We All Need an Evacuation Plan – Rehearse It!

Whether you’re preparing for the upcoming El Nino, or just trying to be ready for winter blizzards, earthquakes, or fire, it’s important to have an evacuation plan in place – and to know how to use it.

It’s uncomfortable to think about a disaster – whether natural such as a hurricane or earthquake to a biohazard or outbreak of violence – occurring while you’re at work or at home, but the fact is that they can happen any time, so it’s best to be prepared. Thinking quickly and clearly in the midst of a crisis can be harder than you may think, so practicing while everyone is calm and can pay close attention gives you a safer foundation to work from. It also provides an opportunity to brainstorm as a group: think of possible circumstances that could occur and go through the best ways to respond. It’s a good idea to have more than one option in place.
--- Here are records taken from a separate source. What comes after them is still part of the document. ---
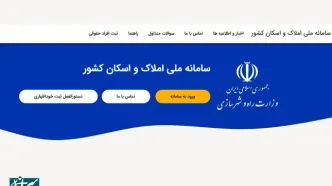 یک اتفاق بزرگ در ایران / ابرپروژه مهم اجرا می‌شود
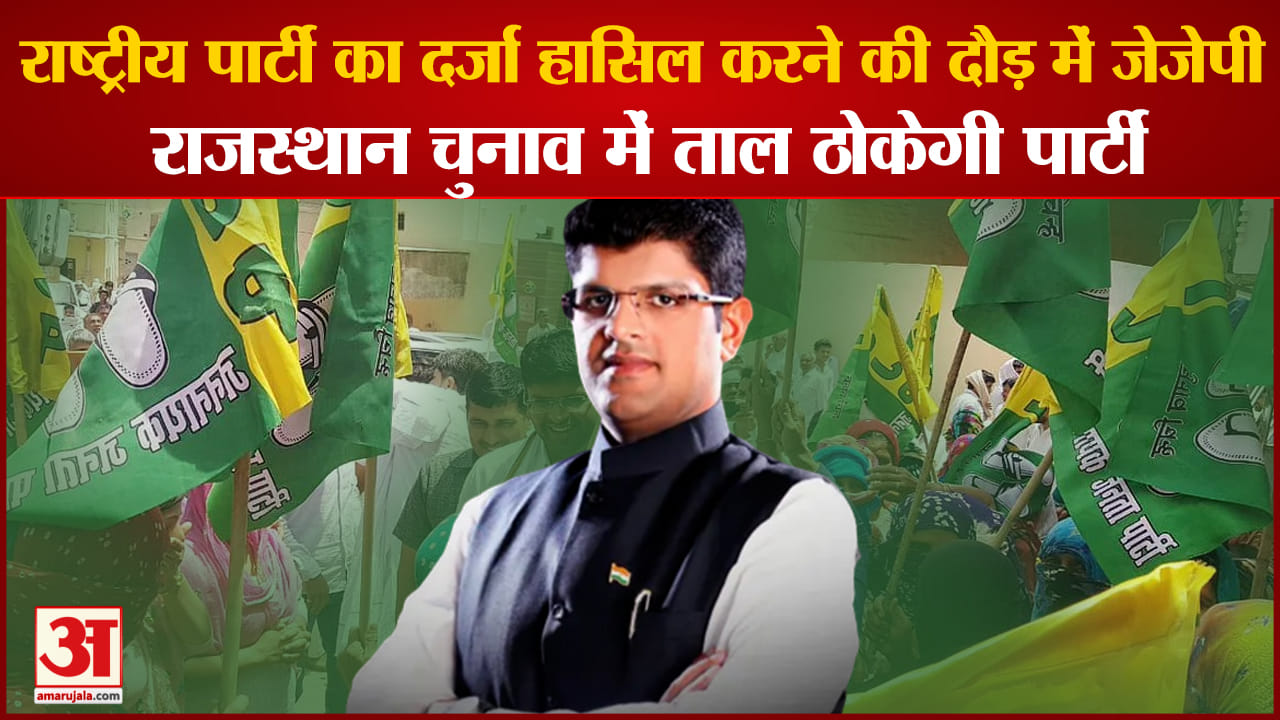 जेजेपी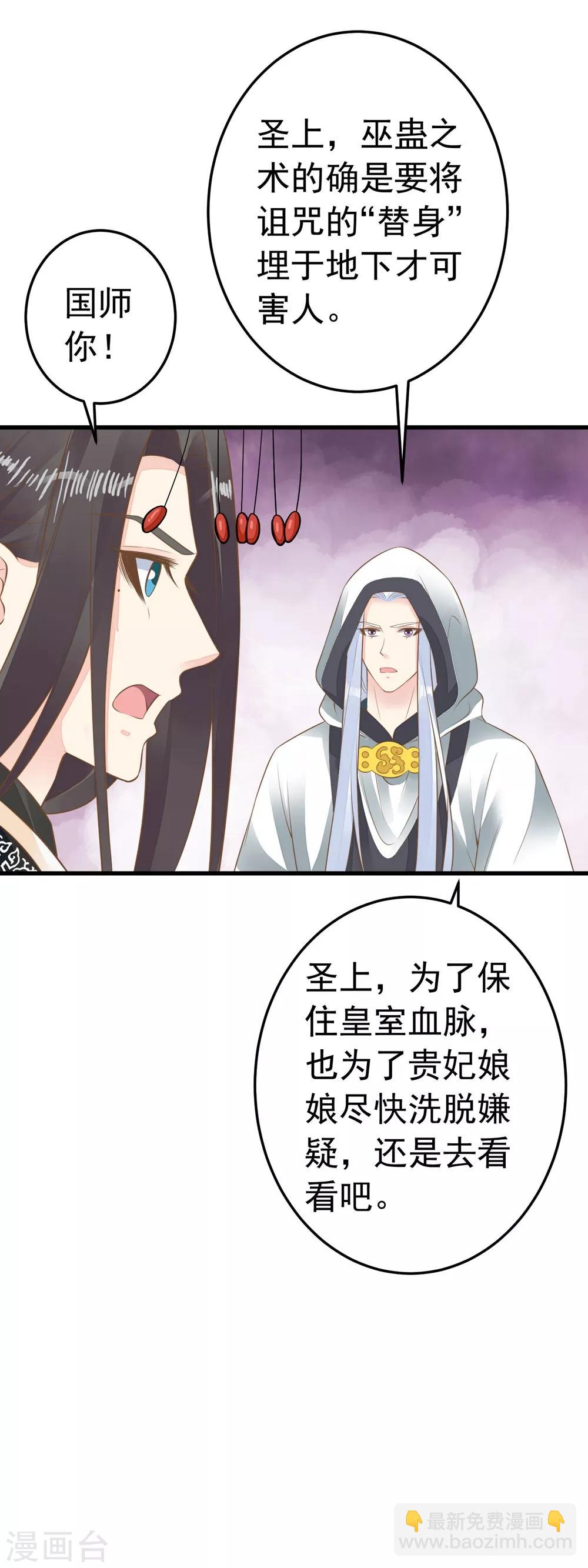 第91话 撒狗粮-第97话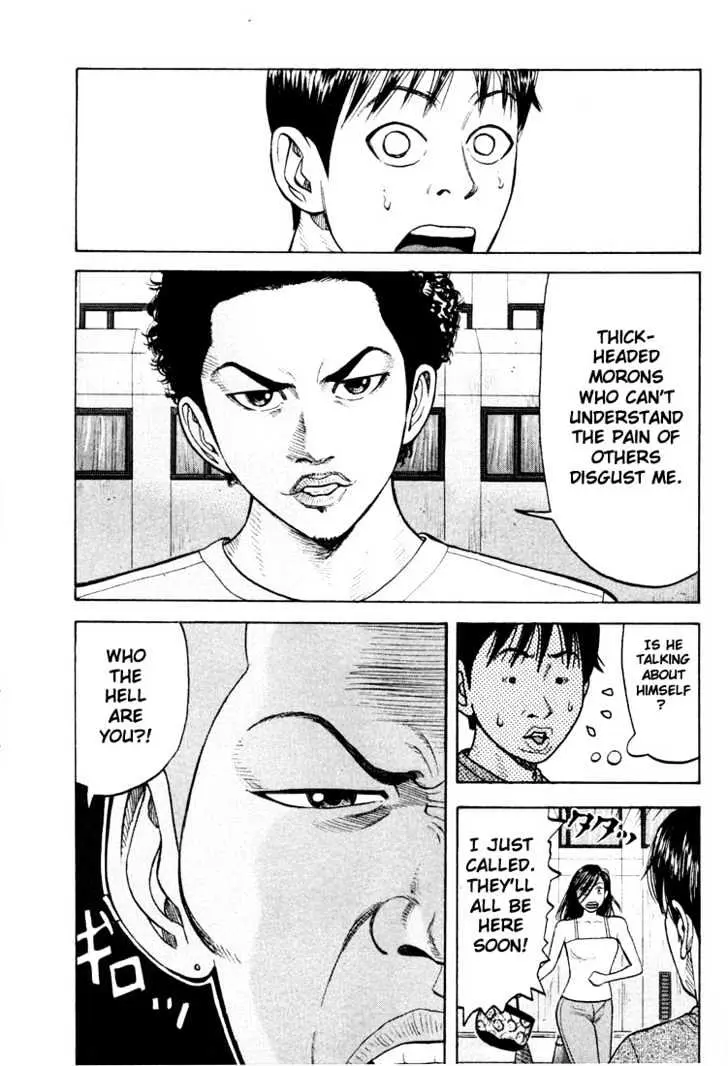 Read Beck chapter 13 image 52 on Lezhin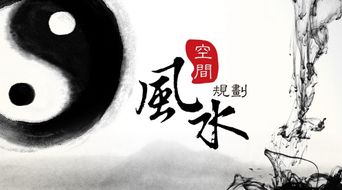 请问谁在何时何地如何布局，导致风水师遭遇不幸的风水杀局？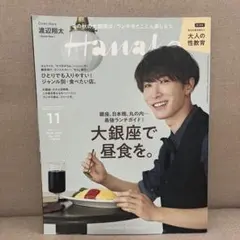 Item thumbnail for item c9c705db-c4e2-4fae-8cda-810f767e6d90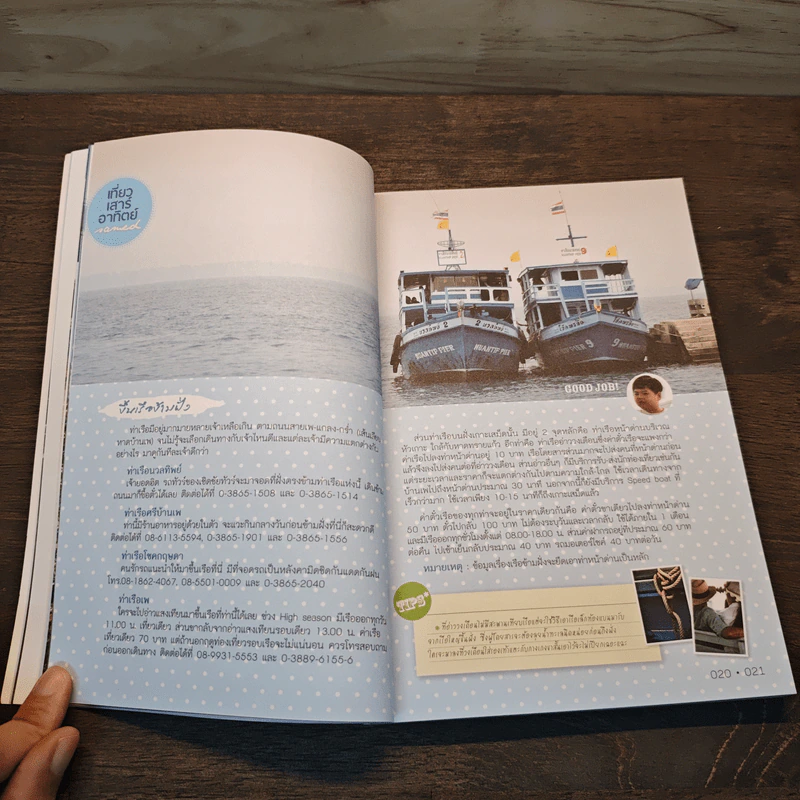 เที่ยวเสาร์ อาทิตย์ - บีวาว แฟมิลี่ รูปที่ 7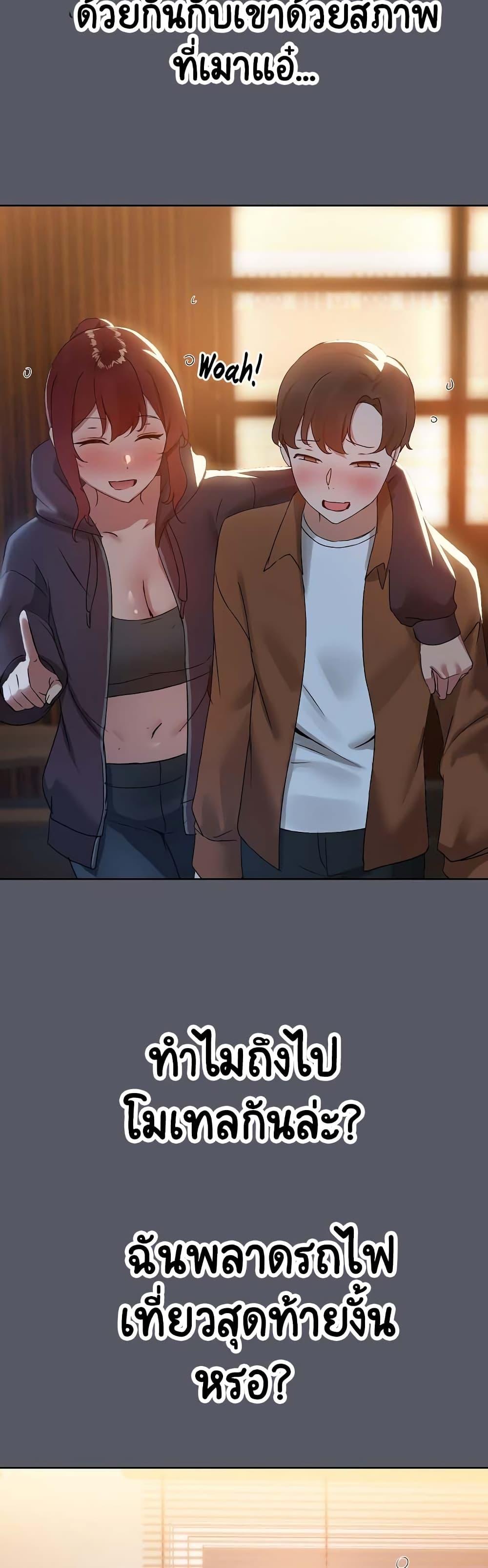 Doujin-Lc- อ่าน โดจิน มังฮวา เกาหลี ญี่ปุ่น จีน แปลไทย Share Boyfriend ตอนที่ 1 2 3 4 5 6 7 8 9 10 11 12 13 14 ฟรี ไม่มีโฆษณา อ่าน โดจิน Manhwa เกาหลี ญี่ปุ่น จีน เรามีครบ คัดมาให้เน้นๆ โดจิน 18+ รับประกันความฟินโดย  Doujin Lc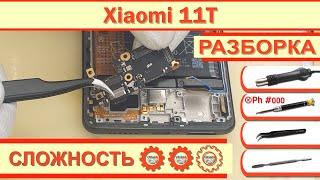 Как разобрать Xiaomi 11T 21081111RG Разборка в деталях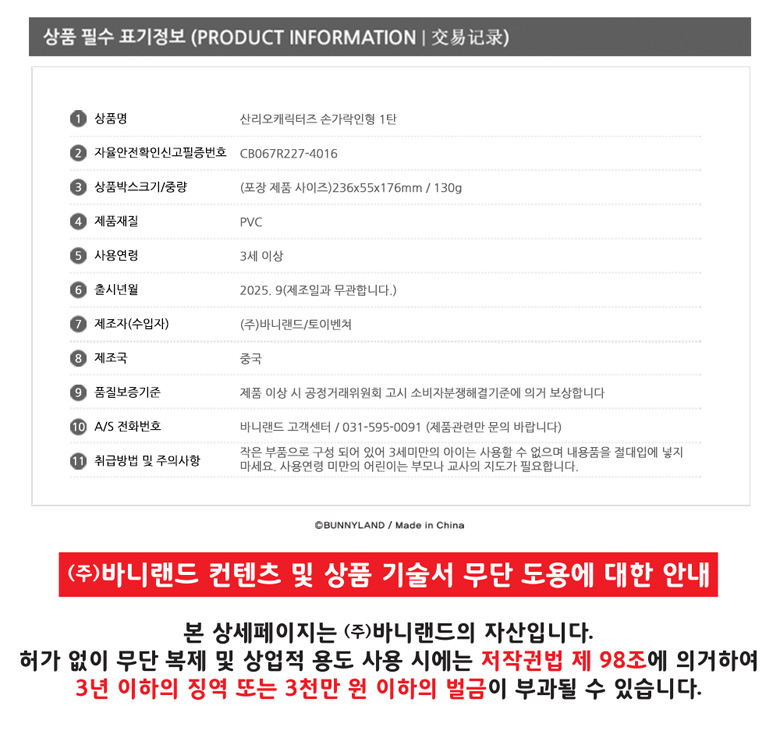 상품 상세 이미지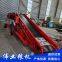 Expansion conveyor, container loading conveyor belt, double wing leather conveyor belt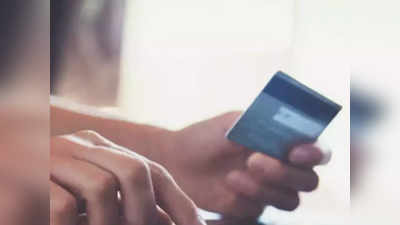 एचडीएफसी बँक क्रेडिट कार्डची लेट फी वाढणार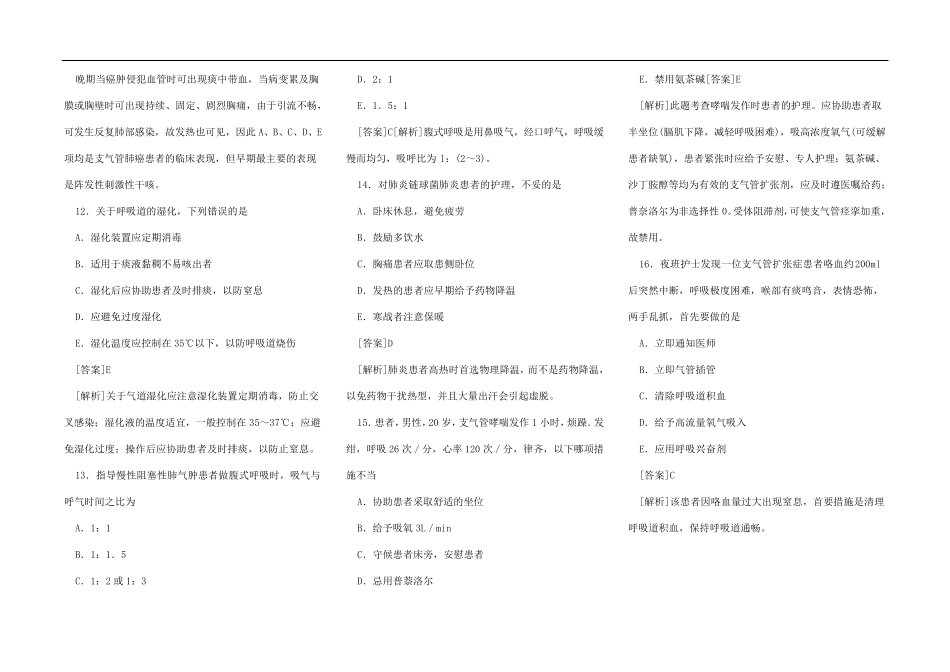 初级护师考试试题及答案解析《基础知识》汇总_第3页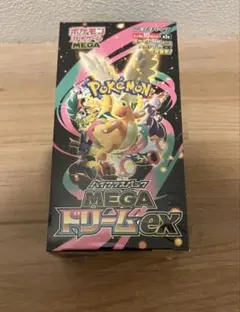 2026年最新】MEGAドリームexシュリンク付きBOXの人気アイテム - メルカリ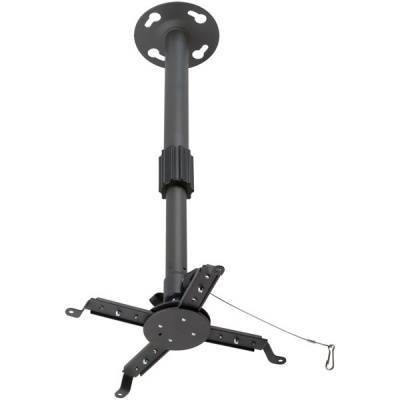 Крепление потолочное Kromax PROJECTOR-300 серый для проектора, 2 ст свободы, наклон 30°, вращение на 360°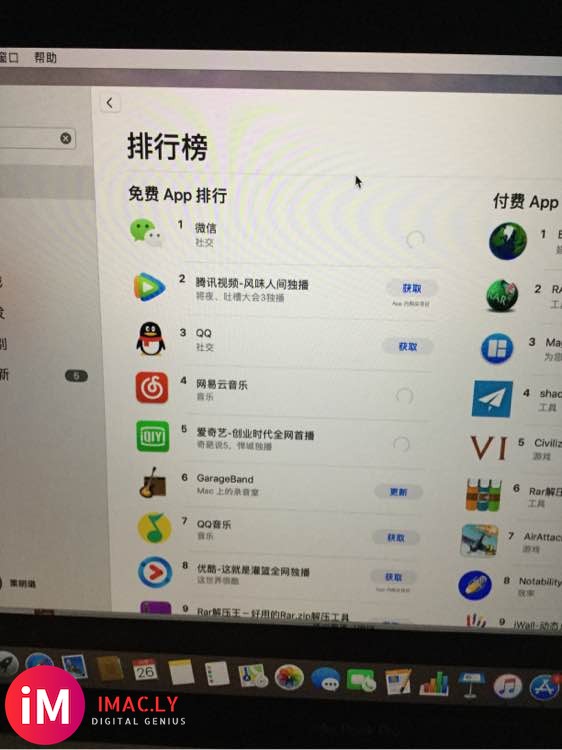 为什么macbook 下载个app这么慢!!!-1.jpg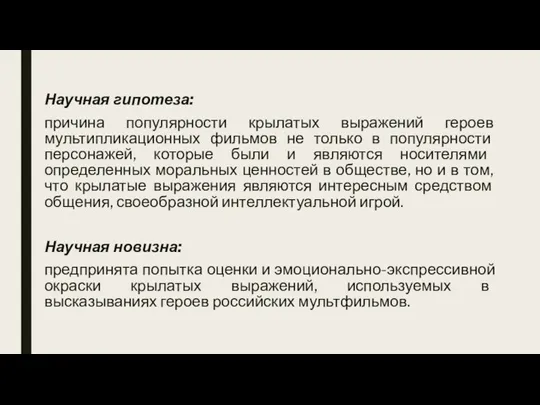 Научная гипотеза: причина популярности крылатых выражений героев мультипликационных фильмов не только в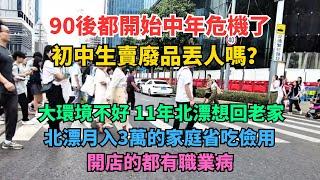 90後都開始中年危機了。初中生賣廢品丟人嗎？大環境不好，北漂想回老家。開店的都有職業病。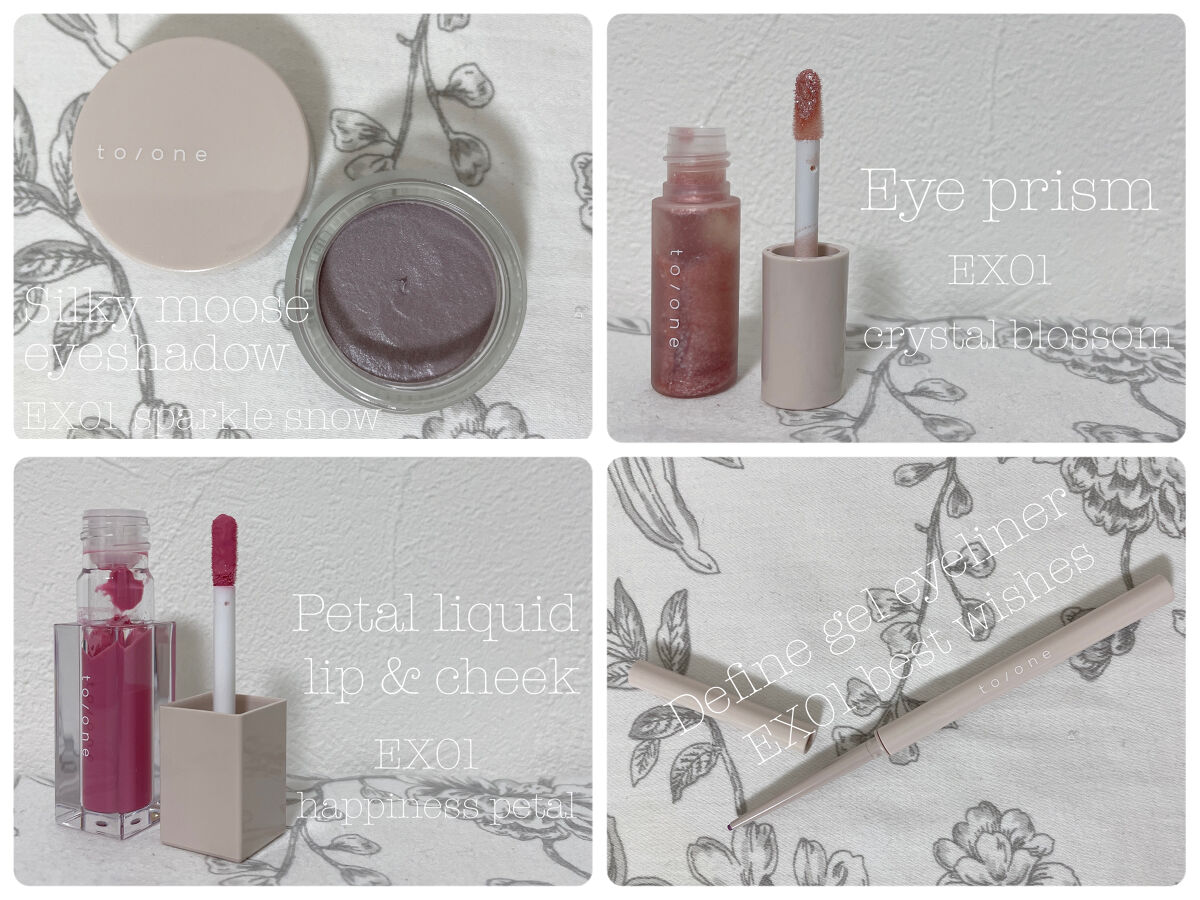 ホリデー メイクアップ コレクション 2022/to/one/メイクアップキットを使ったクチコミ（3枚目）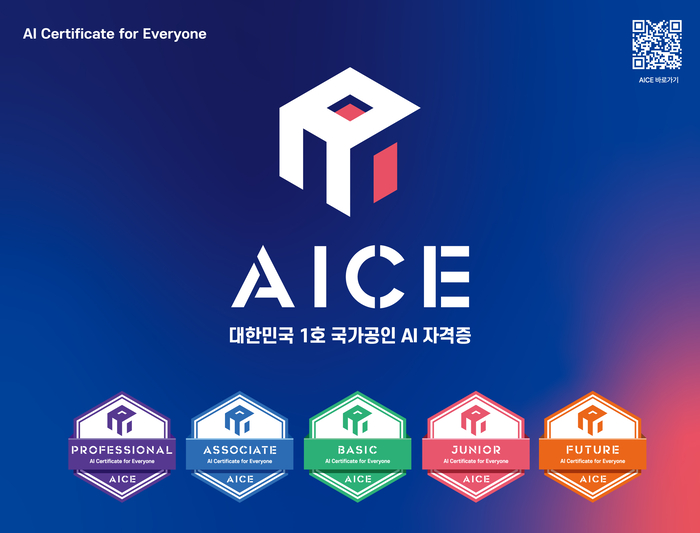 KT의 국내 최초 국가공인 AI 활용능력 검정시험 'AICE'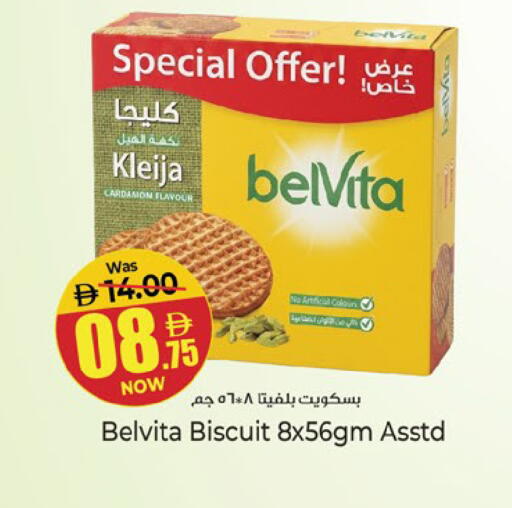 available at Kenz Hypermarket in UAE - Sharjah / Ajman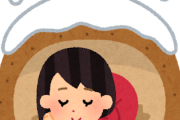 【動画】くまさん、冬眠から目覚める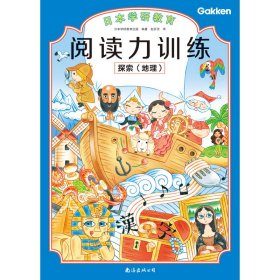 阅读力训练 探索(全3册)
If you’re practicing your evacuation plan at home, get the whole family involved, not just in the discussion but in active participation. It’s one thing to talk about escape routes in a fire, but if you don’t know how to unlock the window, remove the screen, open the fire escape, etc., it can lead to pain and injury during an actual emergency. Show your children how to do everything themselves, just in case, and answer any questions they may have. You may want to rehearse a couple of times per year, or even seasonally, to keep the plan fresh and account for any new circumstances that may arise.

If you haven’t already received training in emergency evacuation procedure at your job, suggest it! It benefits all the employees equally and makes a safer environment for everyone. Discuss the protocol for reporting or announcing emergencies so that everyone is alerted immediately in the event that one occurs. Go over the floor plans to decide upon the quickest and safest escape routes, and note the safe areas in which people should gather. If someone will need to perform specific duties such as shutting down critical operations, agree on the best person to do so, and have a backup option. It’s also a good idea to discuss communication procedures: how to account for everyone during and after the evacuation as well as how to get in touch with emergency personnel and family.

Practice makes perfect, especially when it comes to preventing pain and injury during an emergency evacuation.